Minutos después, su ayudante llegó con tres tomos empastados. Al hojear los ejemplares, que lucían en perfecto estado de conservación, como si hubieran salido recién de la imprenta, pasé veloz de la nostalgia a la alegría; de la fantasía a la emoción; del recuerdo a la magia de reconstruir en mi mente la querida escena familiar. Me pareció volver a leerlos, junto a mi padre y a mi hermano menor, frente a la blanca lámpara de porcelana a parafina, coronada por un largo tubo de cristal que alargaba la llama permitiéndole inundar de luz la inmensa sala del comedor. Más arriba, colgada del techo, una ampolleta mostraba tímidamente su filamento pintado de rosado suave, debido al bajo voltaje que el alumbrado domiciliario tenía en las noches.


Tal como lo recordaba, la edición número 1 tenía en su portada el dibujo del marino aventurero, sobre un fondo azul. En su parte superior, el nombre Simbad y su precio: $2. La fecha era: 8 de septiembre de 1949.

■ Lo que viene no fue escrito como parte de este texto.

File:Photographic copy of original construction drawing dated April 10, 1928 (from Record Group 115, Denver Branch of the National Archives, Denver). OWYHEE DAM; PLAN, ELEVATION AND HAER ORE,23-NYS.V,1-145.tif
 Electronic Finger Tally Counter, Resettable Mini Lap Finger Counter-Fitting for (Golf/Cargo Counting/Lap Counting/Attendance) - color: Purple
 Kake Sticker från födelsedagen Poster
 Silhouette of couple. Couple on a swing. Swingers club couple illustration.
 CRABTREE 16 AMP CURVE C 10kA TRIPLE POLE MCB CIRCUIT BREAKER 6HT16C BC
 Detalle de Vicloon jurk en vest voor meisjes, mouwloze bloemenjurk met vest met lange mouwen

Mientras la lluvia azotaba los postigos de las ventanas y la casa crujía empujada por el viento huracanado, leíamos en voz alta las aventuras de Simbad y nuestra imaginación nos transportaba a los sitios donde nuestro héroe realizaba sus audaces y riesgosas acciones. Cada ejemplar nos regalaba nuevos capítulos de grandes obras de la literatura universal, cuentos y jocosas tiras de dibujos.
Esa tarde, dejé la Biblioteca con la cabeza llena de recuerdos que la multitud que colmaba la Alameda no lograba disipar.

La alameda Ignacio Silva atraviesa Illapel, una ciudad extendida a lo largo, entre dos cadenas de cerros.

En la mañana del jueves 27, viajé a la provincia de Choapa. Al pasar frente a La Calera recordé la noche del lunes 8 de septiembre de 1958. A las 21.00, quienes viajaban en el tren hacia el norte, eran vacunados contra la viruela, apenas compraban sus pasajes. “A mí ya me vacunaron”, aseguraban quienes temían a la inoculación. Pero, su argumento era inútil si no portaban el comprobante que lo acreditara. Apenas el largo convoy abandonaba la estación, el conductor recorría los carros pidiendo “todos los boletos y el comprobante de vacuna”. Quien carecía de él era bajado en El Melón, y debía volver a La Calera. Perdía su pasaje. En el andén, decenas de personas que habían intentado burlar a las autoridades permanecían vigiladas por Carabineros. A las 3.00 horas de la madrugada siguiente arribé a la Ciudad de los Naranjos.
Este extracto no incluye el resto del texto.